With the advancement of the economy and the increasing consumption of fossil fuels, there is renewed interest in renewable energy sources. Among these sources, solar energy has received particular attention in recent years due to its clean and renewable attributes. It can help alleviate some of the pressure caused by traditional energy sources on power supply. However, it still faces technological challenges that need to be overcome in order to accelerate its development, one of which is islanding [1], which occurs when a Distributed Generation (DG) system operates in isolation from the grid due to disconnection.

The Distributed Generation (DG) can operate in islanding mode or in grid-connected mode. It is important to note that the unintentional islanding mode can be dangerous and should be prohibited [2]. That is why the DG system needs to stop operating when it is disconnected from the grid to prevent any damage [3,4,5,6,7,8].

Figure 1 illustrates the process of islanding, in which the DG system operates independently, posing potential safety hazards.

Despite the use of various islanding detection techniques by researchers, they cannot completely eliminate the issue [9]. Thus, further exploration of islanding detection techniques is necessary.

Islanding detection techniques can be classified into two main categories [2]: namely remote techniques and local techniques. Local techniques can be further categorized into active and passive techniques.

Remote techniques need to establish communication between the DG system and the grid, such as power line communication [10], supervisory control [11], data acquisition, and transfer-trip [12]. These techniques are generally more reliable, but they come at a higher cost than other techniques [9]. Therefore, the high implementation cost is still the main challenge of these islanding detection methods (IDMs), especially for small-scale DGs such as residential grid-connected photovoltaic systems (GCPVSs).
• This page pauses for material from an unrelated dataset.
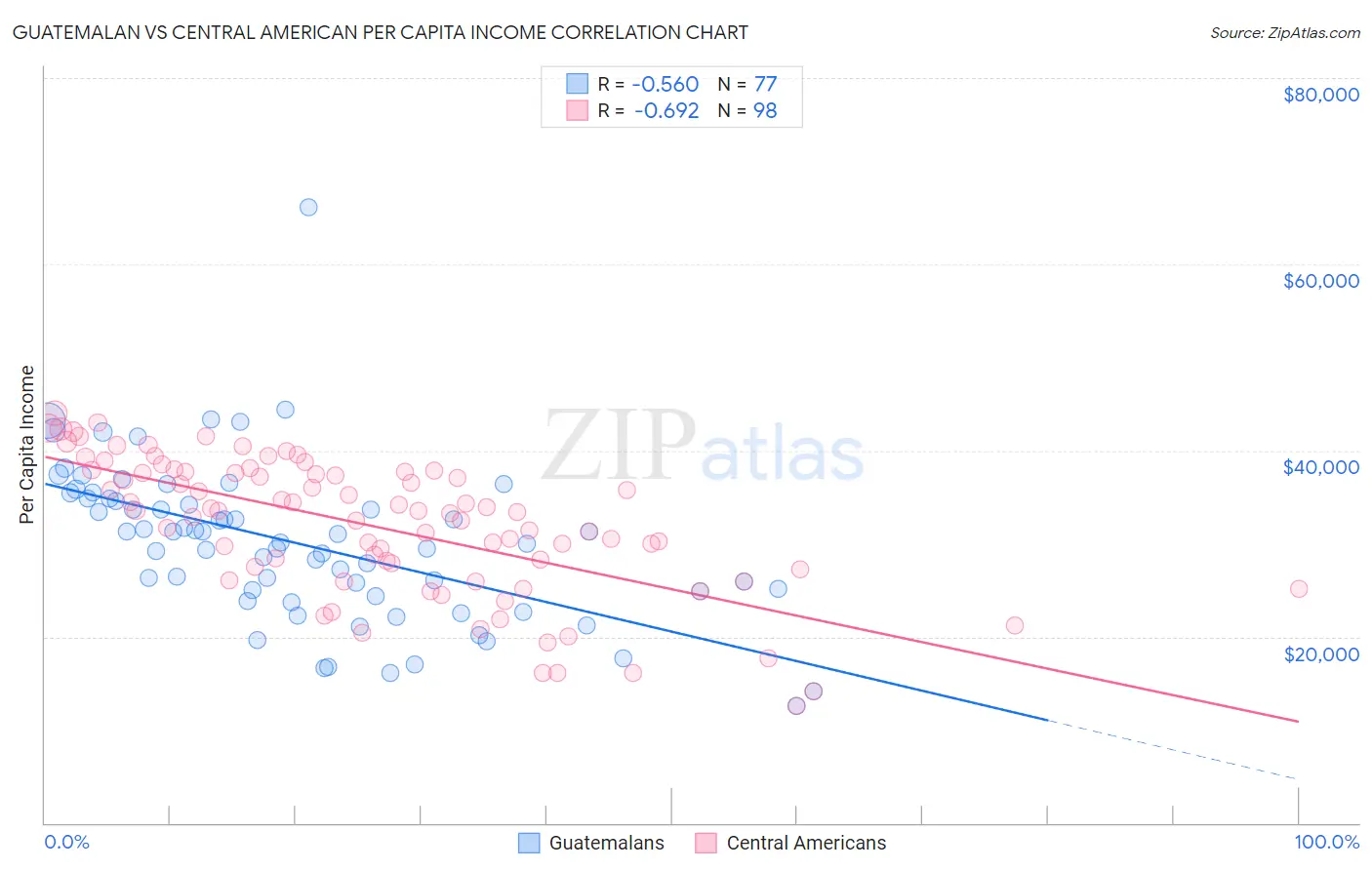 Guatemalan vs Central American Per Capita Income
The voltage, rate-of-change of point of common coupling (PCC) voltage, frequency, and rate-of-change of negative sequence voltage are utilized as islanding detection indicators in passive-based methods. Once islanding occurs, the grid is unable to compensate for the mismatch between generation and load, causing the state variables to shift to a new value. Islanding can be detected by monitoring the state variables and detecting when a parameter exceeds its threshold value. However, in cases where the active/reactive power between generation and load is balanced, the state variables remain almost unchanged after islanding occurs. In such situations, passive-based methods may fail to detect the islanding.

Active techniques require interrupting the balance between the load and the DG system constantly, and the parameters can easily exceed the limits once islanding occurs. The main advantage of active techniques over passive techniques is the smaller non-detection zone (NDZ) [13].
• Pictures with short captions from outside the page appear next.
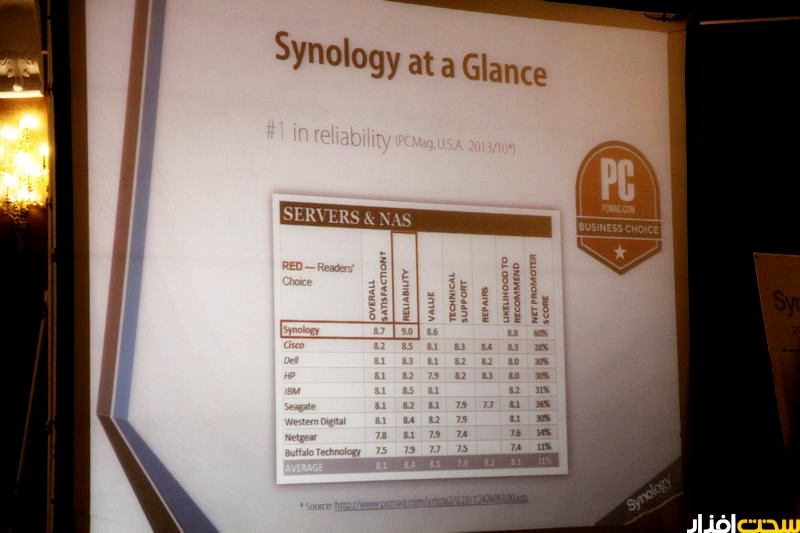 ساینولوژِی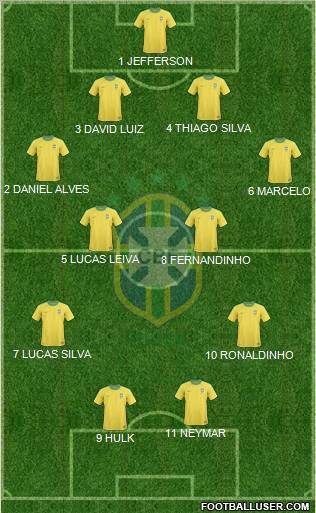 Brazil Formation 2011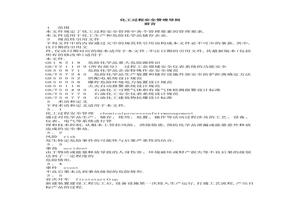 AQ -2202 化工過程安全管理導(dǎo)則docx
One appealing method for active islanding detection is to drift the frequency or the PCC voltage to trigger the under-frequency relay/over-frequency relay (UFR/OFR) or under-voltage relay/over-voltage relay (UVR/OVR), respectively [14]. Multiple active techniques have been developed by researchers to improve islanding detection. These techniques include output power adjustment [15], impedance measurements [16], slip mode frequency shift [17], active frequency drift (AFD) [18,19], and automatic phase shift [20]. Among these techniques, AFD technique, which is found to be particularly effective in islanding detection, smaller NDZ and lower total harmonic distortion (THD), has drawn increasing attention from researchers and engineers [21]. Furthermore, some researchers have utilized hybrid IDMs that combine passive and active techniques to detect islanding in photovoltaic generators [22,23,24].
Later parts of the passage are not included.